Carlos, age 4, stares at a group of children not much older than him, who are bathing and playing in a stagnant water well in front of his house. The young boy lives with his family and a hundred other families in the rural community of La Montañita, in the state of Bolívar, in southeastern Venezuela.
While Carlos longs to join the group of children, his mother, Kavilis, won’t allow it. The body of water is known by the community as "el Tapón," and it is a potential vector that poses a risk to people's health and the community in general.
At the José Gregorio Hernández Hospital in Tumeremo, the capital of the Sifontes municipality, the organization Doctors Without Borders/Médecins Sans Frontières (MSF), in conjunction with a team from the Institute of Public Health of the state, receives patients who have been exposed to water-related diseases in the area.
Since 2019, MSF has been working with the state health authorities to strengthen the health system, supporting medical activities in the Tumeremo Hospital, which serves between 250,000 to 300,000 inhabitants, most of them on the move, as they travel to work in the mining area. MSF also supports lifesaving water and sanitation projects and health promotion activities in the area to ensure the prevention and control of infections.
For a rural community that does not have pipelines or a regular water system, the "tapón" is often an alternative place for bathing and provides water for cooking and cleaning their homes. It serves as the only local water well but has no drainage and often becomes the destination for animal waste from a nearby farm.
"Many times, we get sores on our skin because we have no choice but to go to the well when it hasn’t rained for days. We do everything we can so that Carlos doesn't have to go there, but sometimes we have no other choice," Carlos' parents say.
Quality water is indispensable for effective healthcare
For any health center, access to safe water is essential. Having constant, quality water prevents the spread of diseases not only in the hospital but also in the community and the populations on the move that resort to the medical care provided by the municipality health structure.
Among the many projects that have been carried out, MSF has given special attention to the water and sanitation component, ensuring the availability of constant, treated, quality water in the hospital—24 hours a day, seven days a week—by replacing the network of clear water pipes and replacing the pumping system to all areas of the hospital. MSF also provides donations of essential supplies, and training for medical and non-medical staff and manages the disposal of hospital waste. In conjunction with the health center staff, MSF teams have rehabilitated the sterilization room and built a laundry that also supplies with cleaning materials.
"The impact the sterilization room has had is very important. Having consistent, quality water allows the hospital to receive patients and provide them with safe care," explains Evelyn Palacios, MSF infection control and prevention supervisor.
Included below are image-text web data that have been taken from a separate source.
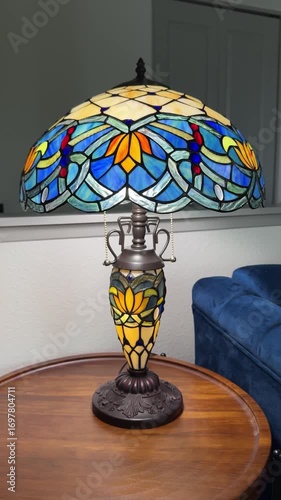 Blue table stained glass lamp on the wooden table next to blue sofa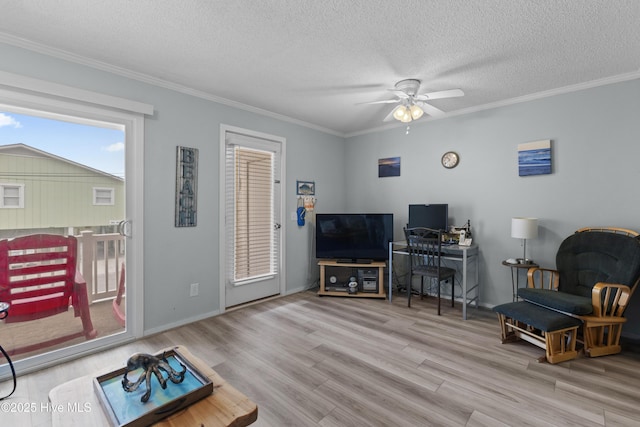 1004 Carolina Beach Ave S Unit A4, Carolina Beach, NC 28428 - living room with a ceiling fan, wood finished floors, ornamental molding, and a textured ceiling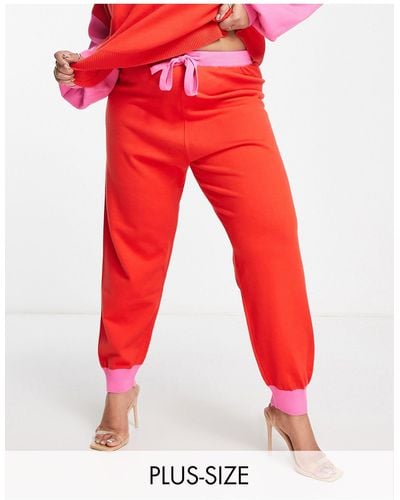 Never Fully Dressed Pantalon d'ensemble en maille contrastante - rose/ - Rouge
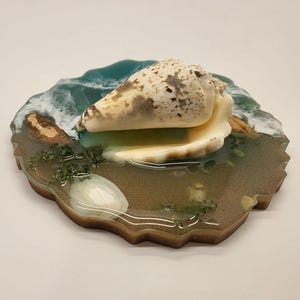 May include: A decorative resin coaster featuring a large seashell resting on a sandy beach scene. The coaster has a wave design with shades of blue and white, and the seashell is beige with brown spots.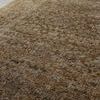 Close-up shot showing textured pile and neutral hues of Heritage Clay rug under natural light on tiled floor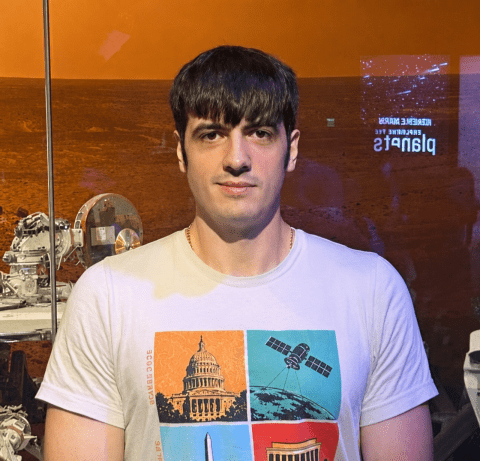 A man with dark hair with bangs wearing a white t-shirt with a four-panel graphic, standing in front of a space exhibit background featuring a Martian landscape and rover equipment.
"Having consistent, quality water allows the hospital to receive patients and provide them with safe care."
evelyn palaciosmsf infection control and prevention supervisor
Each person who comes to the hospital can wash their hands, take their treatment thanks to drinking water points, and benefit from the clean and disinfected spaces of the hospital. In the health structure, everything from a stretcher, before and after delivery, to the emergency corridors, is sanitized. In-depth disinfection is not limited to medical instruments and hospital areas, but also to the hygiene and disinfection, that keeps health workers safe.
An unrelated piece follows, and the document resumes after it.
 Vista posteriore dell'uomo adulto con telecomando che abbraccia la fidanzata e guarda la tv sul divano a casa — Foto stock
Health promotion and community involvement also save lives
MSF's team of health promoters visits communities to conduct educational sessions on proper water treatment, drinking water purification, water-related diseases, and hygiene tools for themselves and their loved ones.
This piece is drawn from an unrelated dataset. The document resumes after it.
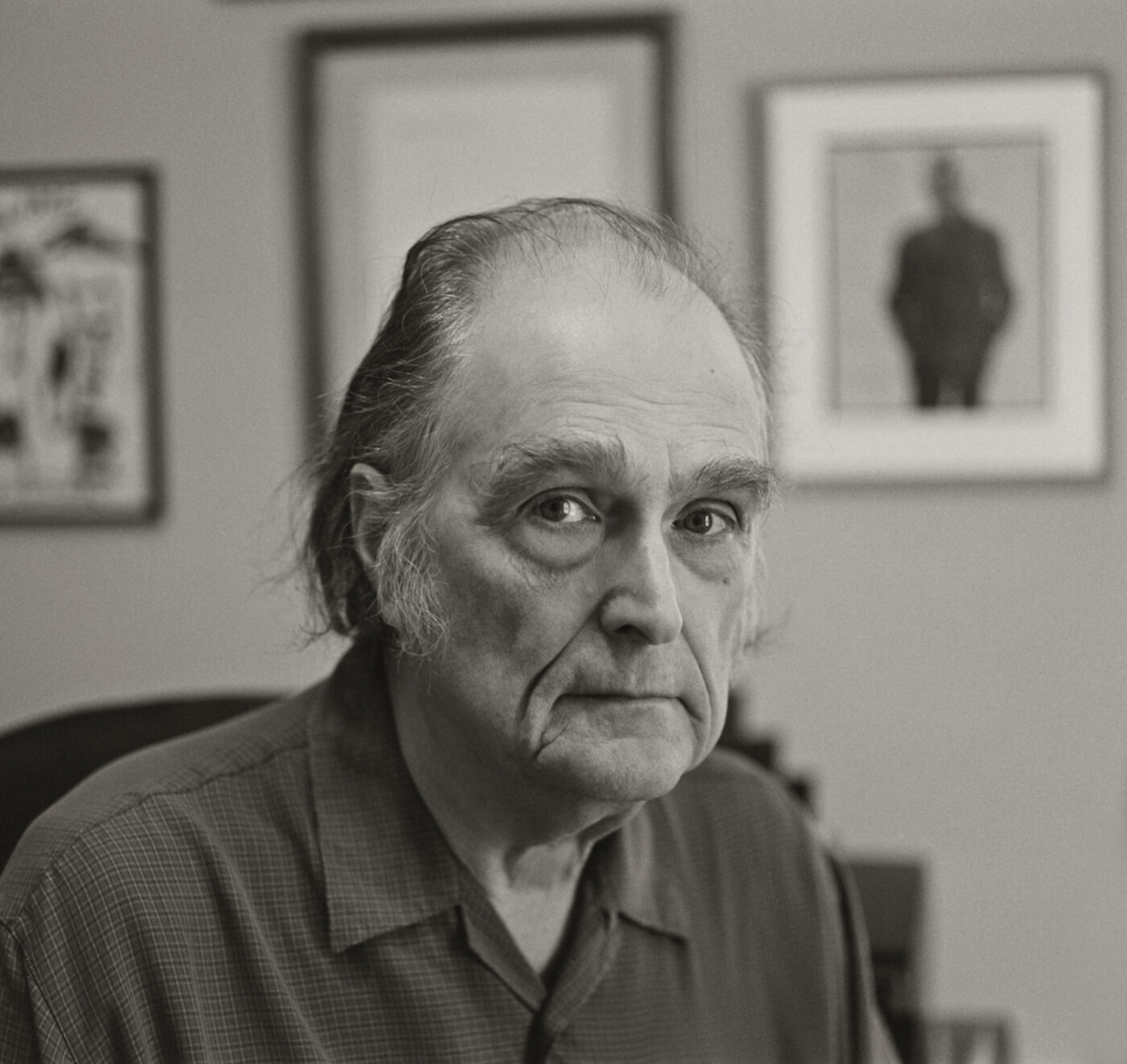 Older white man with longer hair, black and white photo.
These counseling sessions provide the population in rural areas with practical alternatives, so that they themselves can manage their own safe water. Together, they reinforce the importance of good water treatment, disposal, storage, and consumption to empower communities to take control of their health.
In 2022, MSF sensitized 130,264 people through health promotion and distributed 11,350 water purification tablets in the state of Bolivar. MSF also installed 31 hand-washing stations and 211 water points for patients and their families to drink. Carlos and his family are part of those thousands of people in Bolivar who benefit from better service and access to water, which allows the hospital to be operational to provide quality medical care. In their homes, the word has spread and more and more patients are trusting in a health system that provides safe spaces for its workers, patients, and families.
In each of the states where MSF is present, it promotes water and sanitation activities to ensure the prevention and control of infections. Throughout 2022, in the state of Bolivar alone, the organization supported 212,853 medical care consultations, benefiting 185,910 patients. MSF is a medical organization that has been present in Venezuela since 2015 and currently works in the states of Amazonas, Anzoátegui, Bolívar, and Delta Amacuro.